Though Scott puts a brave face on it, this is actually quite sad. An institution of learning developed an online research project and because of some typical corporate short-sightedness on the part of Linden Labs, the University will walk away with nothing. No momentos, no souvenirs. No “I bought an island in Second Life and all I got was this lousy t-shirt” t-shirts. Professor Shamp and his students will have little other than a few screenshots to remember their Second Life experiment by, and this reminded me of another, richly-rendered island community that was envisioned not in Second Life, but on paper:
Urville, imagined as an island metropolis for 12 million inhabitants, begun when Tréhin was only five years old, is a triumphant example of a city made up almost from nothing. Tréhin’s own guidebook to the city includes hundreds of perspectival pencil drawings; these depict, in often astonishing detail, recognizable buildings and building types that have been combined to form a cityscape that itself exceeds recognition.

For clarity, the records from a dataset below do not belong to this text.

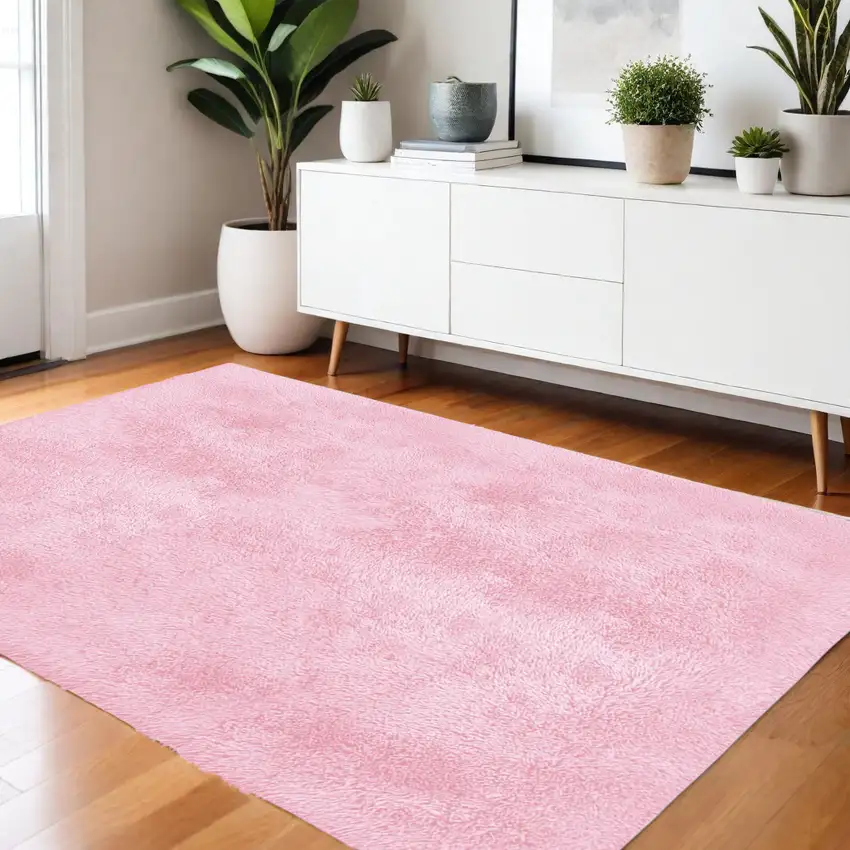Pink Shag Power Loom Area Rug Photo 1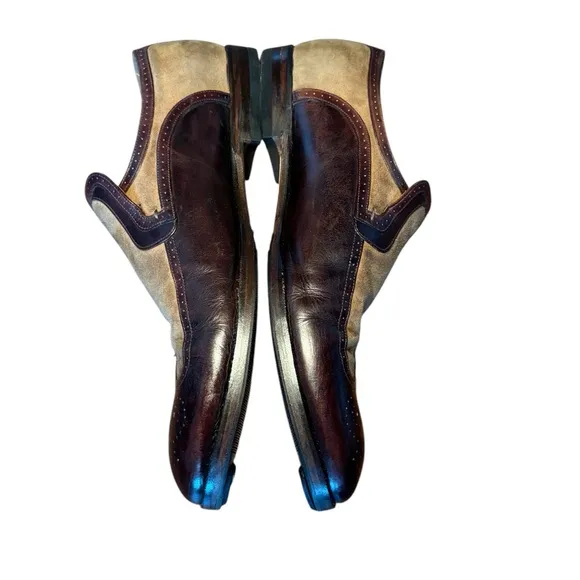 GUCCI Elegant Brown Leather and Tan Suede Slip-On Loafers. 10D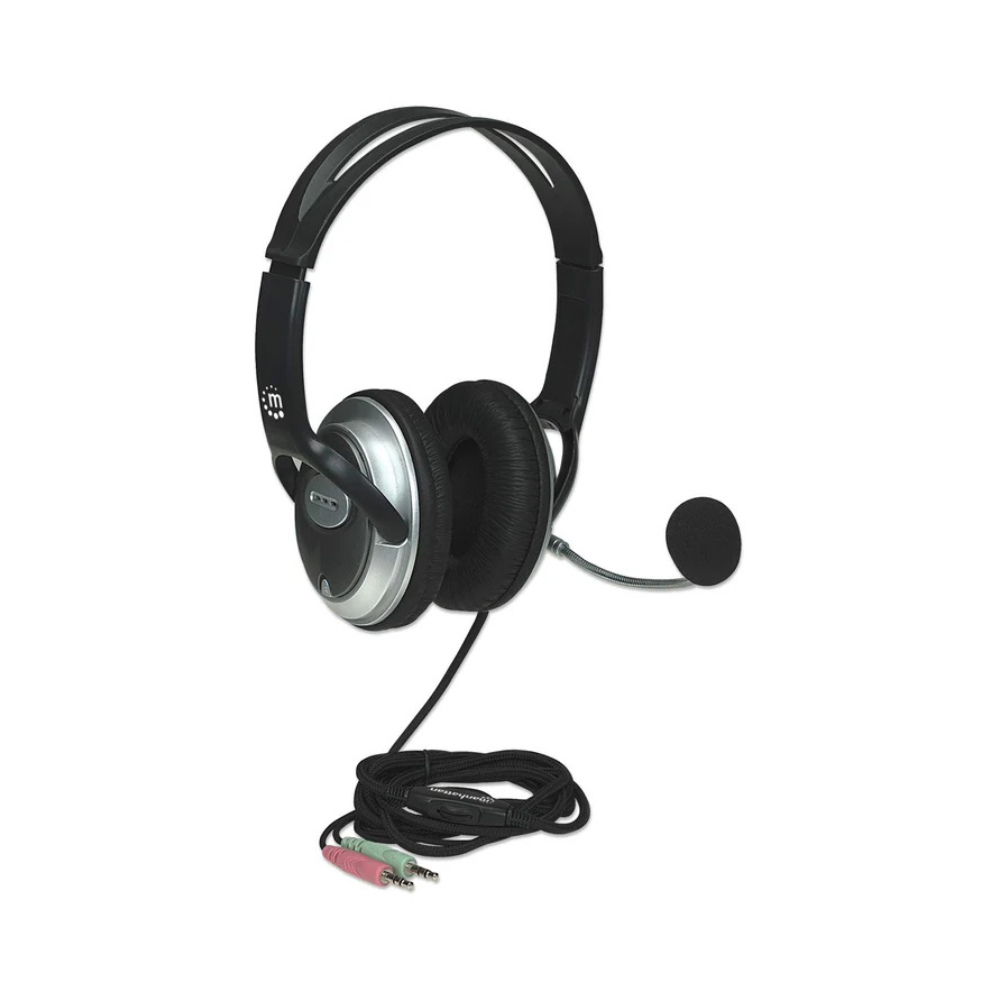 Audífonos Manhattan Estéreo Clásicos Micrófono Extensión Metálica Flexible Negro/Plata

With imaginary spaces like the Square des Mille Astres, the Gare d’Italie, and the Place des Tégartines, Urville’s visual appearance could perhaps be described as a kind of Belgian Venice, crossbred with Chicago, as master-planned by Baron Hausmann for an upstart hotelier in Las Vegas. In other words, the city is derivative; it is a collection of landmarks. One can make out the Sears Tower, the Rialto Bridge, the Grande Arche de La Défense, and what could easily pass for New York’s World Trade Center towers—among many other sites on the global tourist circuit—but what Urville lacks is a human face.

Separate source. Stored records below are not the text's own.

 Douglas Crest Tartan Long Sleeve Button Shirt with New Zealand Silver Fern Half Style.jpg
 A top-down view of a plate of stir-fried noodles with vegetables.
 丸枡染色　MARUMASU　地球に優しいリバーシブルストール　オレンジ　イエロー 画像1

The problem of a “human face”, both offline and online, remains the most difficult to solve. With a click of a mouse, the hard work of many students is erased from Second Life, leaving only the American Apparel outlet and whoever else is rich enough to maintain a virtual presence in the proprietary world of Second Life. Despite dozens of sketches, the author of an imaginary island community quotes the greats and yet cannot capture what makes urban living great. The island buff in me, meanwhile, remains more inspired by real micro-nations and micro-states, and a long-lost Greek island from a tourist catalogue. (Image: A typical Second Life island.)